Weltverbesserungswahn. How I love these German words. That’s what my psychiatrist (he was German) said was wrong with me, what I suffered from (along with various other mental maladies). It must have been the foetid, daily trauma of the ‘Exudations’ period, then my hospitalization, then Georg leaving me that made me marry this man, this maniac. On the rebound in a singularly disastrous way. What was I thinking of? I left him after two weeks and have never mentioned his name again, and never will. The single legacy of our relationship is this diagnosis, Weltverbesserungswahn: the conviction that the world could be better. My psychiatrist husband said it was a delusion, not a conviction, and that my refusal to acknowledge it as a delusion was proof that I was deluded. You see why I had to go. The only thing that was satisfactory during my two weeks’ marriage to this man was the sex.
Xanadu is the name of the bar I work in three nights a week in Jordaan.
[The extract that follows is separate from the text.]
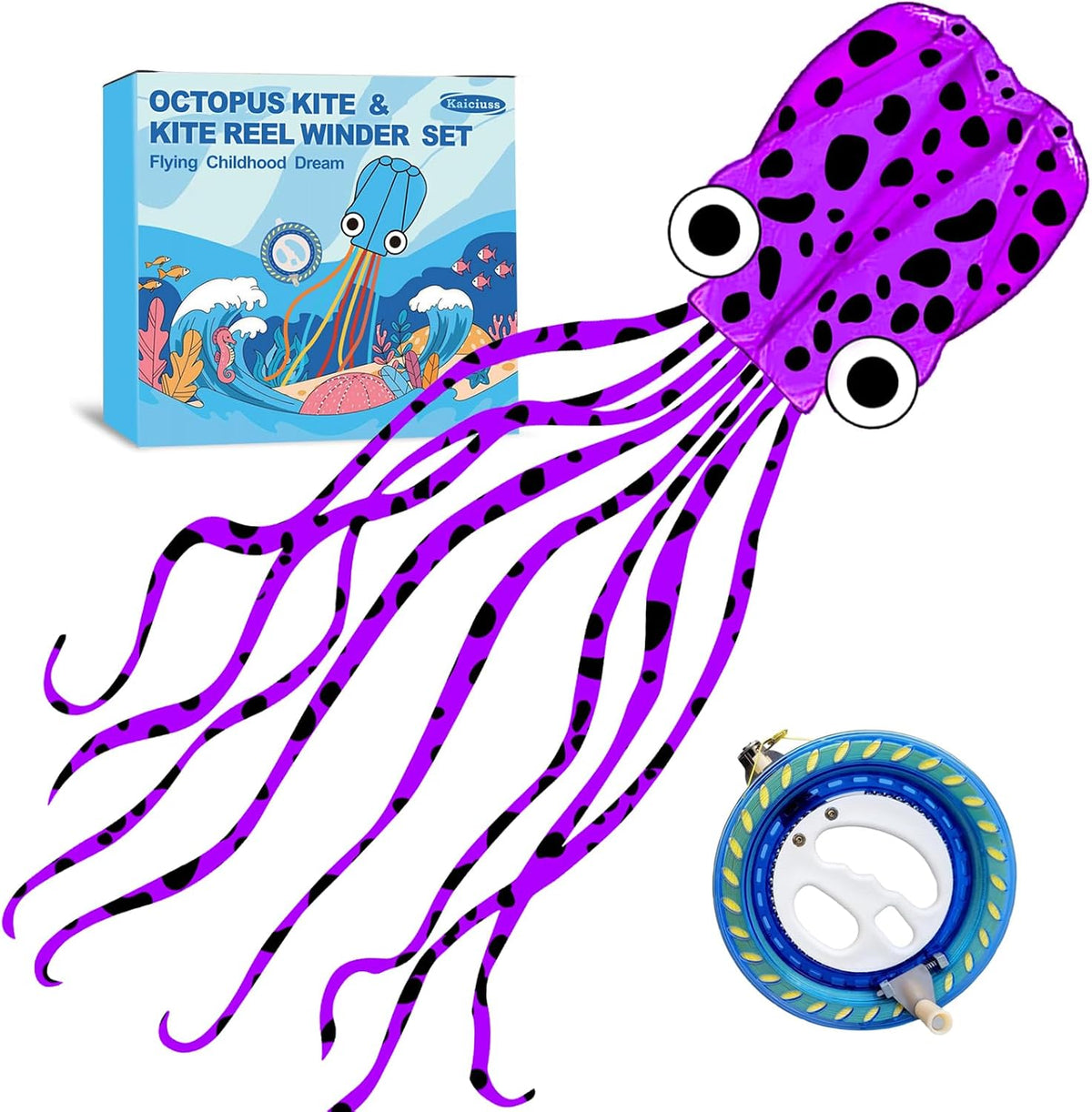 Kaiciuss large octopus soft kite in green, blue and pink - view 2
Cornelius is the manager. He has a small apartment at the top of the building where we make love when Otto is away. He’s just bought a thousand tins of sardines. I asked him if he liked sardines and he said no, but they were at a bargain price and you could never tell when your tastes might change. I promised myself I’d stop seeing him as soon as my book is ready (I think my tin idea is a book, now, not a show) – but I think he
’s in love with me, dammit. What’s wrong with these men? I met a publisher last week here in Amsterdam, and he said almost immediately that, all things being equal (what can he mean? Curious expression), he could publish my book next year.
Years go by. I see myself as an old lady living in an apartment block by the sea (not Eastbourne, not Ibiza). I keep the curtains drawn day and night, all year round. Qwertyuiop visits regularly. When he/she arrives he/she takes his/her shoes and socks off and I photograph his/her feet. He’s/she’s a good boy/girl, Qwert (is he/she Cornelius’s?), and he/she shows concern.
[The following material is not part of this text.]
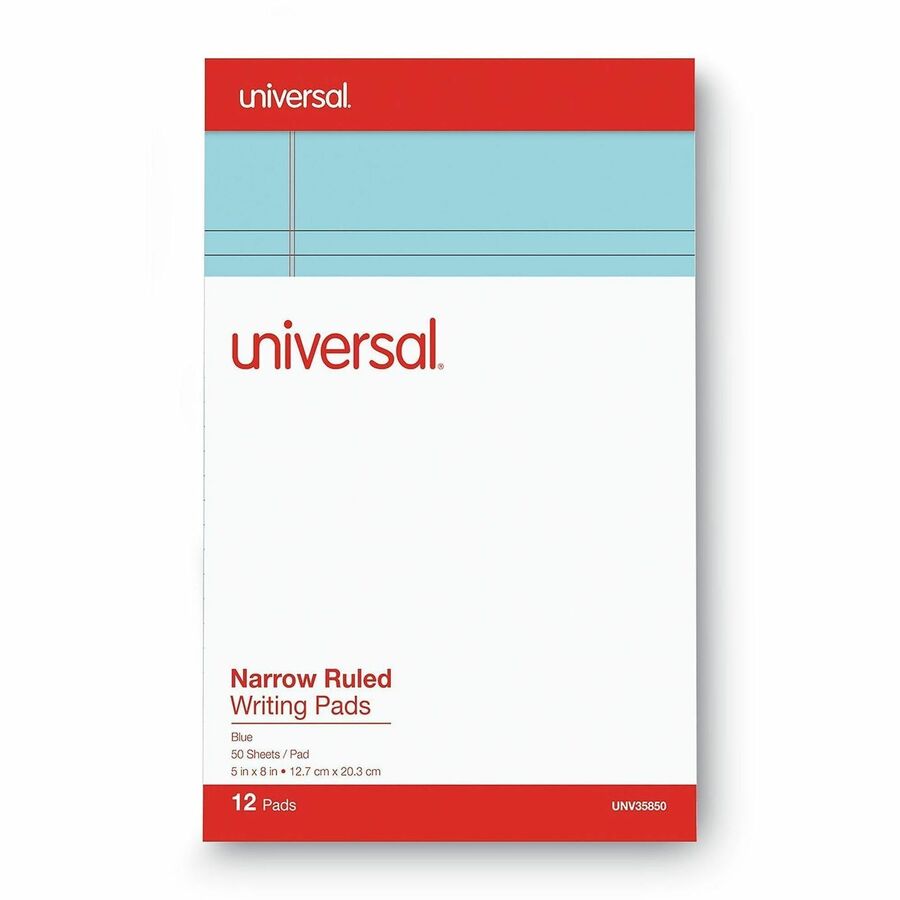 1 Subject(s) - 50 Sheets - Tape Bound - Narrow Ruled Front Ruling - 16 lb Basis Weight - 8" Height x 5" Width - Blue Paper - Chipboard Cover - 1 Dozen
‘What’s the weather like?’ I ask.
‘Open the curtains, Mum,’ he/she says. ‘See for yourself.’
‘No,’ I say. ‘It’s more interesting if you tell me.’
And so he/she does his/her best: sunny, scudding clouds, threat of rain later in the day. In my dark apartment I prefer to use my imagination. I like this fantasy of my future, but what will the reality be? Some old bag living off cigarettes and booze.
Zoos consoled me after my father died. And the zoo in Amsterdam is one of the world’s best, so I’m told. I used to watch the chimps but they depressed me. Too human: sitting around showing off their hard-ons, hurling shit at each other. And the pacing cats were terrifying – to-and-fro, to-and-fro – all that charged, energetic resentment at their captivity. So I looked for animals that seemed content with their zoo life and more and more I found I was watching the rhinos. I came to love their massiveness, their heft and their effortless charisma. In my worst moments (when Cornelius begged me to leave Otto and live with him; when Otto asked me to come on his next trip – to California) I longed to be a rhino with my rhino armour. And so I would calm myself, watching them, imagining I was a rhino in a zoo, my day an ordered round of eating, defecating and sleeping. In a zoo, but free somehow. Free from the world and its noisy demands. Free, finally, from angst.